E na questão das personagens, damos um passo até ao elenco de “Codex 632”. Paulo Pires parece evoluir no seu Tomás de Noronha, o que é um ponto positivo, adaptando-se cada vez melhor à personagem que tem de trabalhar. Betty Faria, ainda que um tesouro da televisão brasileira, talvez tenha dado um passo maior que a perna, já que as cenas a que deu vida parecem claramente retiradas de uma telenovela no horário nobre e não propriamente no registo que se espera de uma série de ficção do género.

Já Alexandre Borges é exímio e consegue talvez ser o que melhor transparece exactamente o que lhe é pedido do seu Moliarti, provocando no espectador a necessidade de o ver perder – o que é exactamente o que é suposto sentirmos. Leonor Belo, apesar de ter pouca margem de trabalho, já que a sua personagem é, durante a maior parte da série toda, relegada à função de suporte, consegue florescer nos últimos episódios quando finalmente lhe é dado o espaço para tal.

Talvez por culpa do guião, ou da forma como tudo foi construído em “Codex 632”, é uma pena não ser fácil evidenciar o trabalho de Deborah Secco, Bia Wong ou Ana Sofia Martins, que ainda assim conseguiram construir a complexidade necessária às suas personagens para que ganhassem forma e tridimensionalidade – ainda que o produto final não permita evidências concretas dos seus trabalhos.

Não só do argumento e do elenco se faz “Codex 632”, mas também da filmografia. E se num primeiro episódio se tornaram maçudos os longos e estendidos planos de paisagem, esse compasso lento, que nem a introdução de “Canon in D” de Pachelbel, transbordou para as restantes cenas, sendo talvez o maior criador da sensação de aborrecimento numa série que era suposto deixar o espectador em estado de máximo suspense. Pachelbel é incrível, para que não haja interpretações erradas, mas não apropriado para um mistério de vida ou de morte.

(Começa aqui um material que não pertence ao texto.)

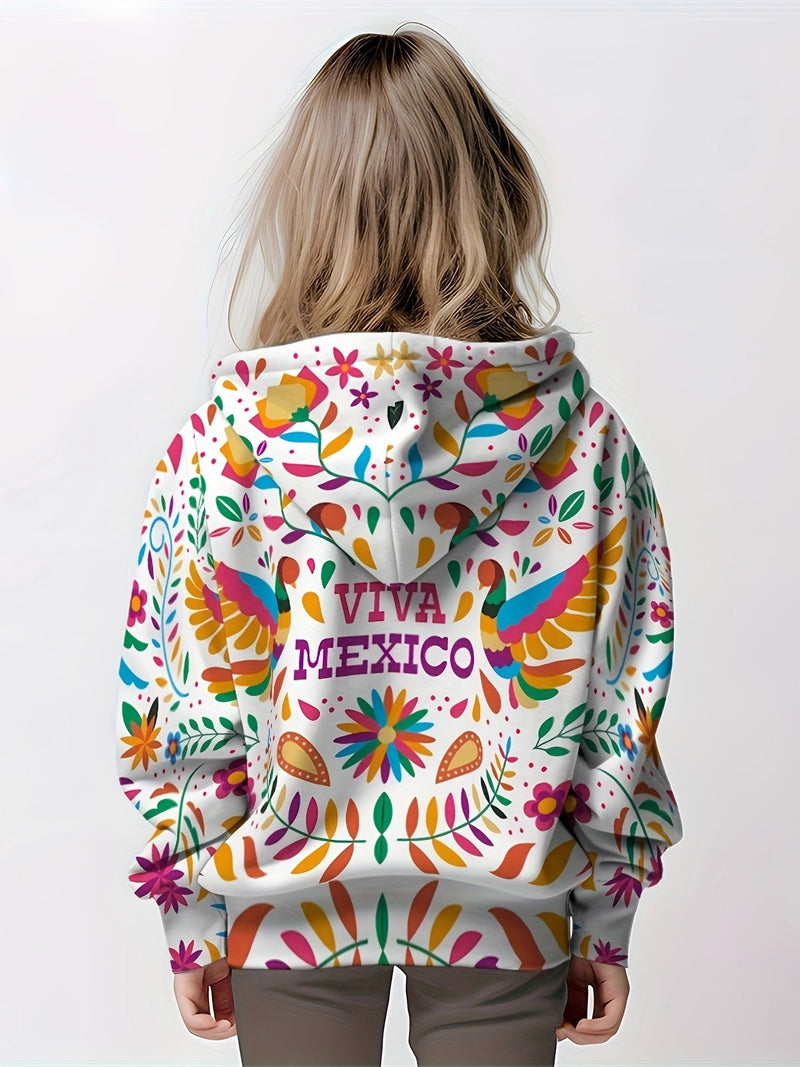 Chicas Creativas Con Patrón De Pintura Estilo Mexicano Sudaderas Con Capucha 3D De Manga Larga Regalo De Primavera Otoño - SACASUSA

Há vários momentos que fariam sentido se a série tivesse 13 episódios, se fosse uma terceira temporada de um conjunto de seis temporadas, em que de facto houvesse tempo e espaço para explorar cada uma das vidas intrínsecas destas famílias, amigos, amantes, conhecidos e inimigos que completam o mundo de “Codex 632”, mas não quando só há seis episódios e é necessário condensar tudo.

Teria sido tão mais interessante termos estado mais tempo na companhia de Tomás de Noronha a investigar todo o mistério, do que “perder tempo” na sua vida pessoal já que não a poderemos explorar mais depois do fim. A não ser que de facto se faça uma segunda temporada, mas se vier igual à primeira, a decepção daquela que poderia ser uma produção-bomba continuará, sem dúvida.

Ainda assim, “Codex 632” termina bem. Consegue encerrar o mistério, entregar as consequências a quem tem de as sofrer, os louros a quem de direito e deixar a possibilidade para continuar a seguir as aventuras de Tomás de Noronha, que certamente as tem noutras obras de José Rodrigues dos Santos.

Enfim, correndo o risco de entrar no campo do corriqueiro, a melhor forma de descrever a sensação que “Codex 632” deixa é: um orgasmo incompleto. Se no primeiro episódio ficava a promessa de um cliffhanger que se podia desenvolver num verdadeiro thriller, cada um dos restantes que passou foi ficando cada vez mais aquém daquela sensação típica de uma série onde há um mistério que coloca a vida das personagens em perigo. Esse perigo, essa sensação de stress típica de uma produção neste género de ficção, não se fez sentir, deixando um sabor amargo de “quase lá” numa série que tinha tudo para rebentar com as expectativas.